● **EXERCISE OBJECTIVE**:
Only the lines of the data below from the one with "full mouth implant cost" through the one with "Before and after: Full" are wanted. Repeat them exactly.

INFORMATION GIVEN below:

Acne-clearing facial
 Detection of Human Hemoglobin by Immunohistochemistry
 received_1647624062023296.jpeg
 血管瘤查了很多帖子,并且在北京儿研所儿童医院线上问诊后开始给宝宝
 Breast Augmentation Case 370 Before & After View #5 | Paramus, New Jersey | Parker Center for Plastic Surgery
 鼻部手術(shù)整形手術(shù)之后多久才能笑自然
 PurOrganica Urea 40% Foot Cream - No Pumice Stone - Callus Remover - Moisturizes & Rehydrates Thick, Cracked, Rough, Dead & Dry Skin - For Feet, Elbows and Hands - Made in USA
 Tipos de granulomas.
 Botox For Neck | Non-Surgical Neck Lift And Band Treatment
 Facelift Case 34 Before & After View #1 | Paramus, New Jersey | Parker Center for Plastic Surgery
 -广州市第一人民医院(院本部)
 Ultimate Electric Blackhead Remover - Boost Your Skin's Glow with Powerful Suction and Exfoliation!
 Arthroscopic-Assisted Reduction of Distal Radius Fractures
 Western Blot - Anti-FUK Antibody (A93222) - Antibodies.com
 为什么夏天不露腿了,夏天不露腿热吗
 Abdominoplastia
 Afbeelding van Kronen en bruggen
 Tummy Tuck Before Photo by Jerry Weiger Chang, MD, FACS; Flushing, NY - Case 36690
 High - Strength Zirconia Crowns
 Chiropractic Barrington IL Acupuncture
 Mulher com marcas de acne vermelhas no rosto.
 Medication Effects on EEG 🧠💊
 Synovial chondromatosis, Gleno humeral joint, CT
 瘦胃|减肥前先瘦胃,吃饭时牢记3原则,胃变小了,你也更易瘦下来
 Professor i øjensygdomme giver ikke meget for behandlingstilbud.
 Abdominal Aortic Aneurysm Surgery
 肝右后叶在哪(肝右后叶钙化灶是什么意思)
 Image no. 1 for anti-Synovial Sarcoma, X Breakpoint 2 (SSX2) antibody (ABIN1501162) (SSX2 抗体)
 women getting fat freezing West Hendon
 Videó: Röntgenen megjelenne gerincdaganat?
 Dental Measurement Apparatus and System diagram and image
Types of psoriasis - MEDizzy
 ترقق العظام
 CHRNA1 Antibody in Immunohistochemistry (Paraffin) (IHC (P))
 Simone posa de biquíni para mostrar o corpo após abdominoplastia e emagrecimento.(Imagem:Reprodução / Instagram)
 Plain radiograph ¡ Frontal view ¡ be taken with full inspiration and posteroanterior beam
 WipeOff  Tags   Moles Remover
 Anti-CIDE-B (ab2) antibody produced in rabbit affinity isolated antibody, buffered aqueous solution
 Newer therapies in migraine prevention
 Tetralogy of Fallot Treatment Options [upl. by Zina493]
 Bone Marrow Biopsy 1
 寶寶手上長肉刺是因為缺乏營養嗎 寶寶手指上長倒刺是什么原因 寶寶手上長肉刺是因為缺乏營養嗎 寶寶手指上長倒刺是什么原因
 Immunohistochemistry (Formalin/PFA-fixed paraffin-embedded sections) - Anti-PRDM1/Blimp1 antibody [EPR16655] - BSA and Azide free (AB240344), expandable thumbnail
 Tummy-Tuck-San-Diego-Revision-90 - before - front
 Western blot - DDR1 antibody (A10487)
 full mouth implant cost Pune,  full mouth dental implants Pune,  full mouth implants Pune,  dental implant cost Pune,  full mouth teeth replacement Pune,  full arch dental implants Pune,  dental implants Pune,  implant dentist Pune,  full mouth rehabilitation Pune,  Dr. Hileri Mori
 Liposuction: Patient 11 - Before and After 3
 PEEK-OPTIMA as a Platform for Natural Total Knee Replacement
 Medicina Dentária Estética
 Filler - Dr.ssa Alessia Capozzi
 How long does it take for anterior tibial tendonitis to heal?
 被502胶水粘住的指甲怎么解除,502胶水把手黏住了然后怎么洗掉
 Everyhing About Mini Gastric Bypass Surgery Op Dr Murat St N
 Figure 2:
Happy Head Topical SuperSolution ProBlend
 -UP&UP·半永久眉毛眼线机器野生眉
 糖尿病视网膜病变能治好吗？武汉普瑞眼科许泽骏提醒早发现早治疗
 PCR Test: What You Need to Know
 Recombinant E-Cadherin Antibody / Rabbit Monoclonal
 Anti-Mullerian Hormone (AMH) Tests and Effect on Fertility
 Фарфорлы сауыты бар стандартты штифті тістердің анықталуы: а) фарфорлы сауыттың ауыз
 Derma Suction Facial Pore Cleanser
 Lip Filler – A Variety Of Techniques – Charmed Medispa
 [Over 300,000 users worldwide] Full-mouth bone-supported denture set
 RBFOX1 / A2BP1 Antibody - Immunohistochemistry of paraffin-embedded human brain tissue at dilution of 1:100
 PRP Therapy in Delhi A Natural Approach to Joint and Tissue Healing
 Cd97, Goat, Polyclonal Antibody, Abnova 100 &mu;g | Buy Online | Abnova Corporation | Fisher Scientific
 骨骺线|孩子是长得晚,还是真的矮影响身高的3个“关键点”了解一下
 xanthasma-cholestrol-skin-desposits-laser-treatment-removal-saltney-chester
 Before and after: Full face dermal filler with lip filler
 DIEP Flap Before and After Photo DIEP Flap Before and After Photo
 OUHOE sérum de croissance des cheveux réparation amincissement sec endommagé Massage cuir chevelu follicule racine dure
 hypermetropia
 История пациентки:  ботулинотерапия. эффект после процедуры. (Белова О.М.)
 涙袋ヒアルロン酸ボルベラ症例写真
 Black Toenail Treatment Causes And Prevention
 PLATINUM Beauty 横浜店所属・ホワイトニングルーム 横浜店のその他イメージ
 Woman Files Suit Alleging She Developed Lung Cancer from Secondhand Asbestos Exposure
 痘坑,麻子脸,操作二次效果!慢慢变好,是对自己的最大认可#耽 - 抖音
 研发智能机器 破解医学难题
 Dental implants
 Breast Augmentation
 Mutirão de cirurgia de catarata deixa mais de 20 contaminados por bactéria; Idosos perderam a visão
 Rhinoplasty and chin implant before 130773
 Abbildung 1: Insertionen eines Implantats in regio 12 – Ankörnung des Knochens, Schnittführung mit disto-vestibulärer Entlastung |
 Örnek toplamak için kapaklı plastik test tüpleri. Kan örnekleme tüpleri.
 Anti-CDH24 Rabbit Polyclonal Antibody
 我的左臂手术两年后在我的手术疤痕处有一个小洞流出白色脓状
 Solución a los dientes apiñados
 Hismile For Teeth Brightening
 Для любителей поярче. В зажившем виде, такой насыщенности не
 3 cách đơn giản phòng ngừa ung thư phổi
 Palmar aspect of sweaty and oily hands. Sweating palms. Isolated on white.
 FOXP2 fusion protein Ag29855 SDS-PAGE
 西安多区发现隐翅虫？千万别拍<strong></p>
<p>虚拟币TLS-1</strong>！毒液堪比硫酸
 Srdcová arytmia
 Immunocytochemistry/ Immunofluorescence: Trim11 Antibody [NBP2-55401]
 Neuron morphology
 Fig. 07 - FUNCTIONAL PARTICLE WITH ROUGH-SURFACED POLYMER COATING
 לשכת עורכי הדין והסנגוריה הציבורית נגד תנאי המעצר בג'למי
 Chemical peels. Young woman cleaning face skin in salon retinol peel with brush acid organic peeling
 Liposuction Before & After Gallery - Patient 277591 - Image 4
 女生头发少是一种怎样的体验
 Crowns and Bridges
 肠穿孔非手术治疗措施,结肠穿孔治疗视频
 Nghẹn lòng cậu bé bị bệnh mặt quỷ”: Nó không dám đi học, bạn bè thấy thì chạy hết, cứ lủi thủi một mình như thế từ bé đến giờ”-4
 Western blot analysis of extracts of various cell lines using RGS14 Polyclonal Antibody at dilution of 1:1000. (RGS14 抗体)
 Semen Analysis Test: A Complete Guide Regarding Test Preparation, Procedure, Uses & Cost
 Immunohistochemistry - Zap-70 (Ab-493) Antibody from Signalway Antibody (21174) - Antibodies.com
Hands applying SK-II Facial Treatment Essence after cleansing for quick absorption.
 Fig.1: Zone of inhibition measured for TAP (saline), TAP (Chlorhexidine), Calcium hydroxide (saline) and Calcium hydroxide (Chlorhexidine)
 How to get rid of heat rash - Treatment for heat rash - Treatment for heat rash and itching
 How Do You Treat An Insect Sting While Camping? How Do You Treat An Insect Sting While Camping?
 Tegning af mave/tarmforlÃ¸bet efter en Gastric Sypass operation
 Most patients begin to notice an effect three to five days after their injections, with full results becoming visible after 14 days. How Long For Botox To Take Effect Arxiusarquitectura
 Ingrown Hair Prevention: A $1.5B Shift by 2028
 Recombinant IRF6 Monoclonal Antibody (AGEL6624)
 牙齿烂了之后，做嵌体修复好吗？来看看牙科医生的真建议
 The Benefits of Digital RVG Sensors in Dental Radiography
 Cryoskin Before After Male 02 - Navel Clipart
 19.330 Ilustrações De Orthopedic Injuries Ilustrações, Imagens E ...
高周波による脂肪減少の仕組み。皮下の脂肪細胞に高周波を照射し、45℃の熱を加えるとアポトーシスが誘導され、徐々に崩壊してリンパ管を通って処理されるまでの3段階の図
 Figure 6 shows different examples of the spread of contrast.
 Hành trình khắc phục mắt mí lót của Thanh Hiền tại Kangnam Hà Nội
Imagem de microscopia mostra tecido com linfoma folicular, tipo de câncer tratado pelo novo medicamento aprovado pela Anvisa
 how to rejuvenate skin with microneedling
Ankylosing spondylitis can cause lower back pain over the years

End of INFORMATION GIVEN.

● **OUTPUT OF THE TASK**:
 full mouth implant cost Pune,  full mouth dental implants Pune,  full mouth implants Pune,  dental implant cost Pune,  full mouth teeth replacement Pune,  full arch dental implants Pune,  dental implants Pune,  implant dentist Pune,  full mouth rehabilitation Pune,  Dr. Hileri Mori
 Liposuction: Patient 11 - Before and After 3
 PEEK-OPTIMA as a Platform for Natural Total Knee Replacement
 Medicina Dentária Estética
 Filler - Dr.ssa Alessia Capozzi
 How long does it take for anterior tibial tendonitis to heal?
 被502胶水粘住的指甲怎么解除,502胶水把手黏住了然后怎么洗掉
 Everyhing About Mini Gastric Bypass Surgery Op Dr Murat St N
 Figure 2:
Happy Head Topical SuperSolution ProBlend
 -UP&UP·半永久眉毛眼线机器野生眉
 糖尿病视网膜病变能治好吗？武汉普瑞眼科许泽骏提醒早发现早治疗
 PCR Test: What You Need to Know
 Recombinant E-Cadherin Antibody / Rabbit Monoclonal
 Anti-Mullerian Hormone (AMH) Tests and Effect on Fertility
 Фарфорлы сауыты бар стандартты штифті тістердің анықталуы: а) фарфорлы сауыттың ауыз
 Derma Suction Facial Pore Cleanser
 Lip Filler – A Variety Of Techniques – Charmed Medispa
 [Over 300,000 users worldwide] Full-mouth bone-supported denture set
 RBFOX1 / A2BP1 Antibody - Immunohistochemistry of paraffin-embedded human brain tissue at dilution of 1:100
 PRP Therapy in Delhi A Natural Approach to Joint and Tissue Healing
 Cd97, Goat, Polyclonal Antibody, Abnova 100 &mu;g | Buy Online | Abnova Corporation | Fisher Scientific
 骨骺线|孩子是长得晚,还是真的矮影响身高的3个“关键点”了解一下
 xanthasma-cholestrol-skin-desposits-laser-treatment-removal-saltney-chester
 Before and after: Full face dermal filler with lip filler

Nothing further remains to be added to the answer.